Would you write the data out once more, exactly as it is?

**DATASET EXCERPT:**
════════════════
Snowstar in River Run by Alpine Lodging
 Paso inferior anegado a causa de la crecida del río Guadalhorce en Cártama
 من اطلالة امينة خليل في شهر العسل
════════════════
**WRITTEN REPLY:**
Snowstar in River Run by Alpine Lodging
 Paso inferior anegado a causa de la crecida del río Guadalhorce en Cártama
 من اطلالة امينة خليل في شهر العسل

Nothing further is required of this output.